Back on Election Day, Hillary Clinton won New Hampshire by the slimmest of margins, and now-Sen. Maggie Hassan (D-NH) defeated Sen. Kelly Ayotte (R-NH) by an even smaller margin. Now, about 5,000 votes are being called into question as they may have been cast by non-residents of New Hampshire.
New Hampshire has same-day voter registration, and new residents of the state have two months to obtain a New Hampshire license. The vast majority of the people who registered to vote on Election Day have not yet done this, says NH Speaker of the House Shawn Jasper.
According to Jasper, who received numbers from the Department of State and the Department of Safety, of the 6,540 people who registered to vote on Election Day with an out-of-state license, only 1,014 of those people have actually received a New Hampshire license since then. Additionally, about 200 people have registered a car in New Hampshire. This means that 5,313 people who voted in New Hampshire have failed to receive a New Hampshire driver's license or establish another form of residency in the state--a troubling number given how close the elections were. About 200 people are also under investigation for voting in both New Hamsphire and in another state.
Jasper received a letter from the departments of State and Safety containing the voter data. While the letter did not say that fraud took place, it does provide examples to explain how the discrepancies happened.
From the Washington Times:
The two state departments, State and Safety, provided the data to Mr. Jasper on Wednesday in a joint letter.
Secretary of State William M. Gardner, a Democrat, signed the letter.
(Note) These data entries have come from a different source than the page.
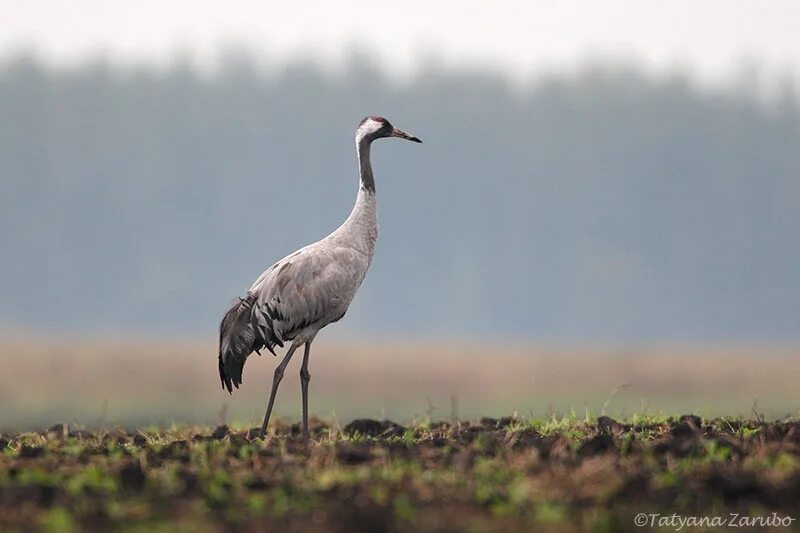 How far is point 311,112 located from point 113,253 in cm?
1479

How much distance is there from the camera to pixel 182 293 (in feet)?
229

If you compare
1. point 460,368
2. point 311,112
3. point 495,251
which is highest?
point 311,112

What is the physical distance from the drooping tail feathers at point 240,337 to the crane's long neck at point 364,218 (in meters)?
0.81

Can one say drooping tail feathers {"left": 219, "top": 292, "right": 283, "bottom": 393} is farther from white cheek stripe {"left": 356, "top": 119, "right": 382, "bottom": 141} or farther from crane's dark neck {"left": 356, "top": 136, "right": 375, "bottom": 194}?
white cheek stripe {"left": 356, "top": 119, "right": 382, "bottom": 141}

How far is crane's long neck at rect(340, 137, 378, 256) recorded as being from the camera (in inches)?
390

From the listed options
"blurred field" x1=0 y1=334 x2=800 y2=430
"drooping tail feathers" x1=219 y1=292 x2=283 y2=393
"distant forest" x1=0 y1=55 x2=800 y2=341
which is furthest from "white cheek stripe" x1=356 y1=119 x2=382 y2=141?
"distant forest" x1=0 y1=55 x2=800 y2=341

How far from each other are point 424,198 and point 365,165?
67634mm

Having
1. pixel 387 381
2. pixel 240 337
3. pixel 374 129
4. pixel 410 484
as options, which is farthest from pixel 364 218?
pixel 387 381

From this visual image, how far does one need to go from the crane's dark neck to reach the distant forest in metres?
54.3

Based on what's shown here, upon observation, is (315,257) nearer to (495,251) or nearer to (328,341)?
(328,341)

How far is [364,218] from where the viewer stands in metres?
10.0

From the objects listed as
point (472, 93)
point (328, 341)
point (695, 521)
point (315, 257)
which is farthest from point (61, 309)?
point (695, 521)

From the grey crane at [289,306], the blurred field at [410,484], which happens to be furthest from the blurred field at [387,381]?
the blurred field at [410,484]

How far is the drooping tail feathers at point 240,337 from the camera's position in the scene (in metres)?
9.50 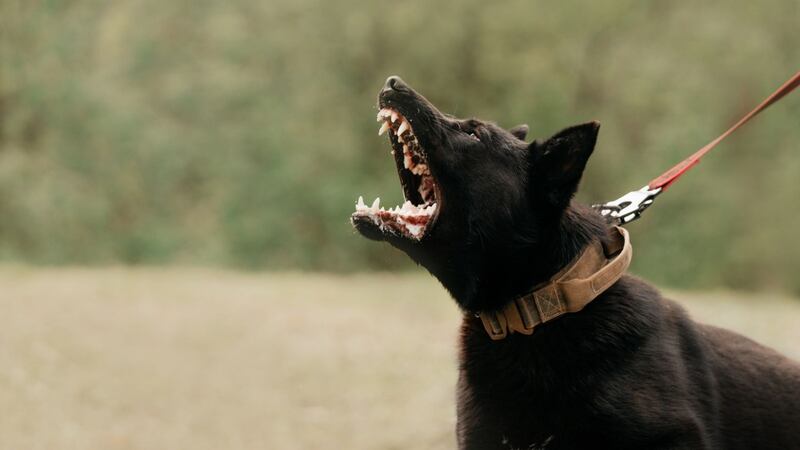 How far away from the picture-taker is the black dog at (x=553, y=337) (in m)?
3.21

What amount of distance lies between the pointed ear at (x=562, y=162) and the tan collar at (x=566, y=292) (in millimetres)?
229

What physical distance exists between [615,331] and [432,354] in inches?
280

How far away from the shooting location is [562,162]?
3.36 metres

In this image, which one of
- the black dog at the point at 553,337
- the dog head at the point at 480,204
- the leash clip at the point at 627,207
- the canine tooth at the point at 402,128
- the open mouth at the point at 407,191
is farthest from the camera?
the leash clip at the point at 627,207

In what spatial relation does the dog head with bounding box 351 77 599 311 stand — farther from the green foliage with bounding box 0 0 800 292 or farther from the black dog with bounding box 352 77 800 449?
the green foliage with bounding box 0 0 800 292

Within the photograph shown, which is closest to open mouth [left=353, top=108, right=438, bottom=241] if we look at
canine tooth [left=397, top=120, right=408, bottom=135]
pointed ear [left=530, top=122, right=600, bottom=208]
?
canine tooth [left=397, top=120, right=408, bottom=135]

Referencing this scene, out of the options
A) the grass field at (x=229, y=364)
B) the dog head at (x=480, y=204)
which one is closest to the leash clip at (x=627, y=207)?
the dog head at (x=480, y=204)

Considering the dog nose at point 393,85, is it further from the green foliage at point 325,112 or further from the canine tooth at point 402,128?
the green foliage at point 325,112

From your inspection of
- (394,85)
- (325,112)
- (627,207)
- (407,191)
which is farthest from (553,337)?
(325,112)

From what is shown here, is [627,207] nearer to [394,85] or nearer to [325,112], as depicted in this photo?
[394,85]

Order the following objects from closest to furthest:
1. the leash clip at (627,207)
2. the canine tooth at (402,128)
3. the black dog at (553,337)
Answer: the black dog at (553,337) → the canine tooth at (402,128) → the leash clip at (627,207)

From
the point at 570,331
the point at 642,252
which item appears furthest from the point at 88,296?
the point at 642,252

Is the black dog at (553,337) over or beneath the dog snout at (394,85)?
beneath

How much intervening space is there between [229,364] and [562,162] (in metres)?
7.07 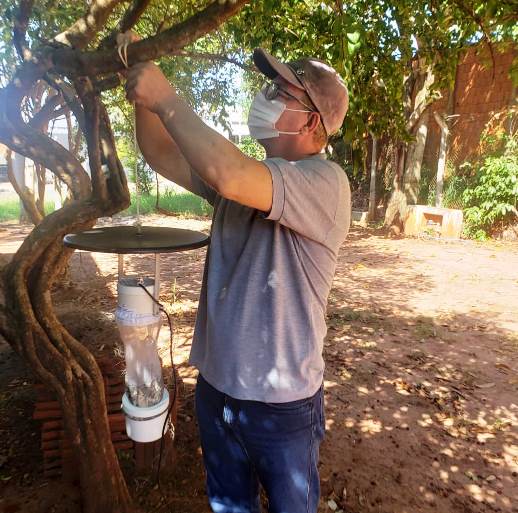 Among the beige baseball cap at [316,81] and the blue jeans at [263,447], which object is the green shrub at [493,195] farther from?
the blue jeans at [263,447]

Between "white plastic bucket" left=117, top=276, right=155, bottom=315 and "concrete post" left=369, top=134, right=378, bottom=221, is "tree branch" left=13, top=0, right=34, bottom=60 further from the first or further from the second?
"concrete post" left=369, top=134, right=378, bottom=221

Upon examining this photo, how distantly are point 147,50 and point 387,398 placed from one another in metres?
3.38

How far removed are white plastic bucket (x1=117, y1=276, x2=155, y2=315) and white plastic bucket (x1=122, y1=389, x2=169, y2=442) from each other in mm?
364

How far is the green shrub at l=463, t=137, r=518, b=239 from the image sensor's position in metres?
9.60

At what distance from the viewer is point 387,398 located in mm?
3842

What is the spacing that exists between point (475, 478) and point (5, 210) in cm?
1434

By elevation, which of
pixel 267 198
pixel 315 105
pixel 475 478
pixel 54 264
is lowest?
pixel 475 478

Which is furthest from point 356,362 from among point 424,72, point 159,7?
point 424,72

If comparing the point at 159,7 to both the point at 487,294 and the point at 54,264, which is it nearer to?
the point at 54,264

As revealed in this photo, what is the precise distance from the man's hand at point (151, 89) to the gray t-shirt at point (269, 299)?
16.0 inches

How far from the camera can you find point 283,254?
1442 millimetres

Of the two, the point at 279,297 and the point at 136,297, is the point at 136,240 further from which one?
the point at 279,297

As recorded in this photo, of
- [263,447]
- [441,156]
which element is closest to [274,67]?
[263,447]

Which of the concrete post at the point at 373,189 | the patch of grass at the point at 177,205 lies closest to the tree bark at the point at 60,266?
the concrete post at the point at 373,189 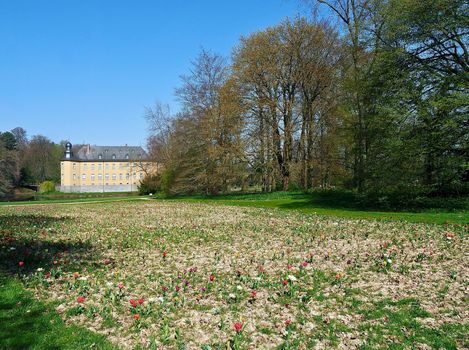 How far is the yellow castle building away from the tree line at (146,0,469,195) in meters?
47.3

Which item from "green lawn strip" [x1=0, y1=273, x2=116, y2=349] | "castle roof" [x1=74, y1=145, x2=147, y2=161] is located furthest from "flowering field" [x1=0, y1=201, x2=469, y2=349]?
"castle roof" [x1=74, y1=145, x2=147, y2=161]

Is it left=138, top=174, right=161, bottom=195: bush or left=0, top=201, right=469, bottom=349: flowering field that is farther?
left=138, top=174, right=161, bottom=195: bush

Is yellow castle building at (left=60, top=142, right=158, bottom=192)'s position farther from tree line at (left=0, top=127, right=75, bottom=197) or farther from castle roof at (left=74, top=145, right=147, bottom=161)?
tree line at (left=0, top=127, right=75, bottom=197)

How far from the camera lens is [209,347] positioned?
3932 millimetres

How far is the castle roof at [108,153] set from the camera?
95.8 m

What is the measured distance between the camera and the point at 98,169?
9662 centimetres

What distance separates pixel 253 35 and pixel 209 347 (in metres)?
32.5

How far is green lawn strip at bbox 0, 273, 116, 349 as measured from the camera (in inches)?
160

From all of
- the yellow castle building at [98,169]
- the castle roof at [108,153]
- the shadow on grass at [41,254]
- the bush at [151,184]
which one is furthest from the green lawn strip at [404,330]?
the castle roof at [108,153]

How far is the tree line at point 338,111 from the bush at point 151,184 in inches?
132

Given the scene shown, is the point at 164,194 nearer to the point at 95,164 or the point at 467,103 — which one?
the point at 467,103

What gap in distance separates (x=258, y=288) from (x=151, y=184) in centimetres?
5013

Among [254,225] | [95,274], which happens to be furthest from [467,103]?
[95,274]

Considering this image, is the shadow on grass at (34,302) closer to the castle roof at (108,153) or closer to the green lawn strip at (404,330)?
the green lawn strip at (404,330) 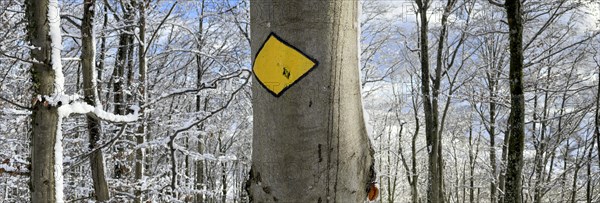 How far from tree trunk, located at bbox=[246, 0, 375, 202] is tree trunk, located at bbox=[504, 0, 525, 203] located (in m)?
5.43

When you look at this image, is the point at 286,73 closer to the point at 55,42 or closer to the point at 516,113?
the point at 55,42

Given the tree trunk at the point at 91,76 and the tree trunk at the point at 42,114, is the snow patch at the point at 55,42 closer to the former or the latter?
the tree trunk at the point at 42,114

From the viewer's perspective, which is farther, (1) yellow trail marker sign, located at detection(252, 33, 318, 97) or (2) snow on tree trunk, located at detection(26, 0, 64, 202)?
(2) snow on tree trunk, located at detection(26, 0, 64, 202)

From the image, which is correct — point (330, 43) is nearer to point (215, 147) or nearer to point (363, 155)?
point (363, 155)

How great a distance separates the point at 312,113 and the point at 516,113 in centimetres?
560

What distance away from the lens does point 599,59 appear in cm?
1118

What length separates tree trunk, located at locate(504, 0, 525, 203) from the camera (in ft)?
18.5

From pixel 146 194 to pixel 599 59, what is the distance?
11.3 metres

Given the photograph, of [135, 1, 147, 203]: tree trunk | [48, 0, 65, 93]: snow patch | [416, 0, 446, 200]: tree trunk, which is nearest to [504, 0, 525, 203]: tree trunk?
[416, 0, 446, 200]: tree trunk

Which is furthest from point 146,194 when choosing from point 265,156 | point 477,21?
point 477,21

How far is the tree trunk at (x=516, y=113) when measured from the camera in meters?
5.62

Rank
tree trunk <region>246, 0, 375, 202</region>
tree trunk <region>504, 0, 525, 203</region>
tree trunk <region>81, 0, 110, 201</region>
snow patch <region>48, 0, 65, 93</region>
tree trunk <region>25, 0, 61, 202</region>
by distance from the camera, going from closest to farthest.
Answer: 1. tree trunk <region>246, 0, 375, 202</region>
2. tree trunk <region>25, 0, 61, 202</region>
3. snow patch <region>48, 0, 65, 93</region>
4. tree trunk <region>504, 0, 525, 203</region>
5. tree trunk <region>81, 0, 110, 201</region>

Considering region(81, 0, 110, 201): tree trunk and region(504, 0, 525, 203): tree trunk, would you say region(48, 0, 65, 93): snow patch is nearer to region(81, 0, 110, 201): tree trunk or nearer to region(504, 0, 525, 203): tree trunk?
region(81, 0, 110, 201): tree trunk

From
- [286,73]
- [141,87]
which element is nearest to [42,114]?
[141,87] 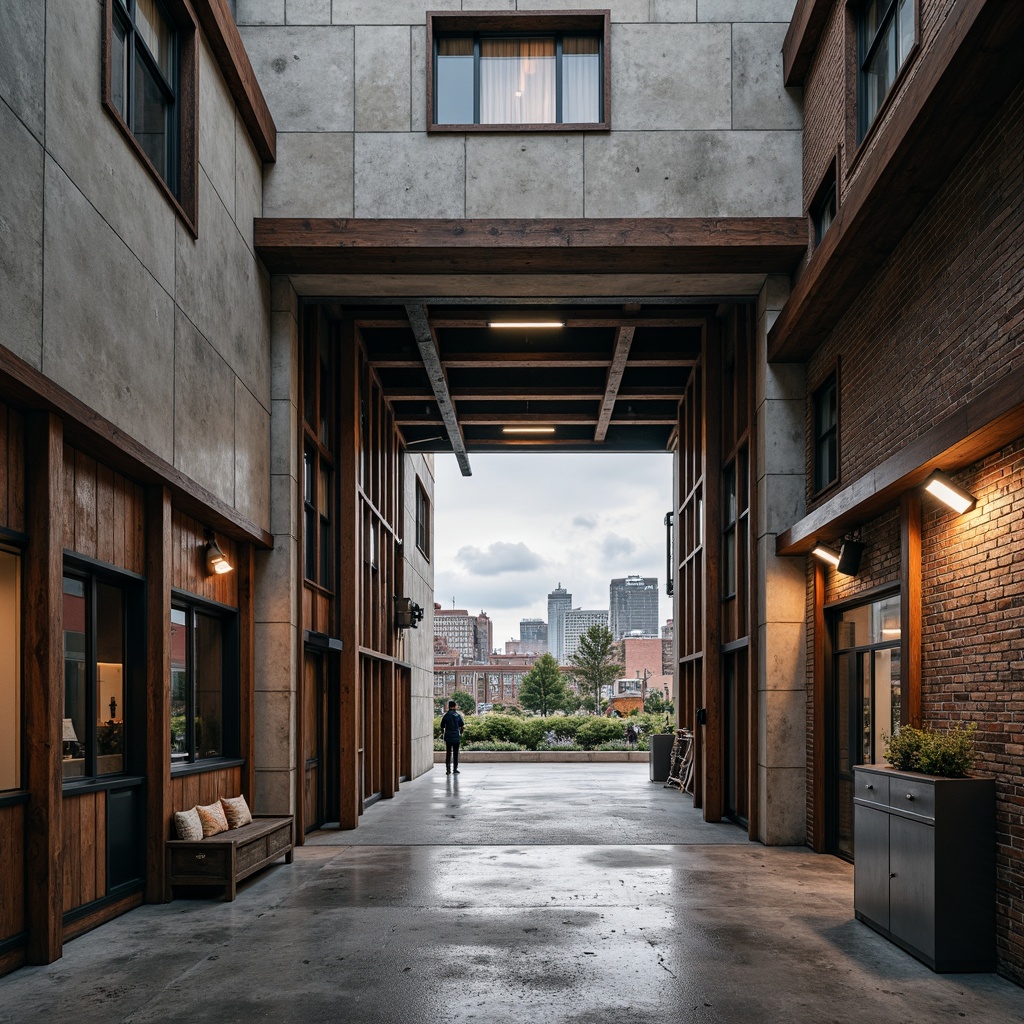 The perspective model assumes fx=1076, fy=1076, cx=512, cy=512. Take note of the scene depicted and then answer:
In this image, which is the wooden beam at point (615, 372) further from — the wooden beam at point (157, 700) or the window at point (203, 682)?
the wooden beam at point (157, 700)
Also signing was John Barthelmes, the Republican appointed commissioner for the Department of Safety.
The two agencies explained the 5,313 number (neither a driver’s license nor a registered motor vehicle many months later) with several possible reasons.
“It is likely that some unknown number of these individuals moved out of New Hampshire, it is possible that a few may have never driven in New Hampshire or have ceased driving, however, it is expected that an unknown number of the remainder continue to live and drive in New Hampshire. If they have established their residence in New Hampshire, they may have failed to obtain a New Hampshire driver’s license.”
Nowhere in the letter do the departments suggest that out-of-state people voted illegally.
While these numbers don't prove fraud, they're certainly head-scratching. In theory, it would be quite easy for a person to drive into New Hampshire, register to vote with an out-of-state ID, and then return home. Perhaps New Hampshire should look into improving voter security procedures to ensure that these types of numbers do not happen again. While ~5,000 people seems like a small amount, in this case, it could have changed two election results. That's not good.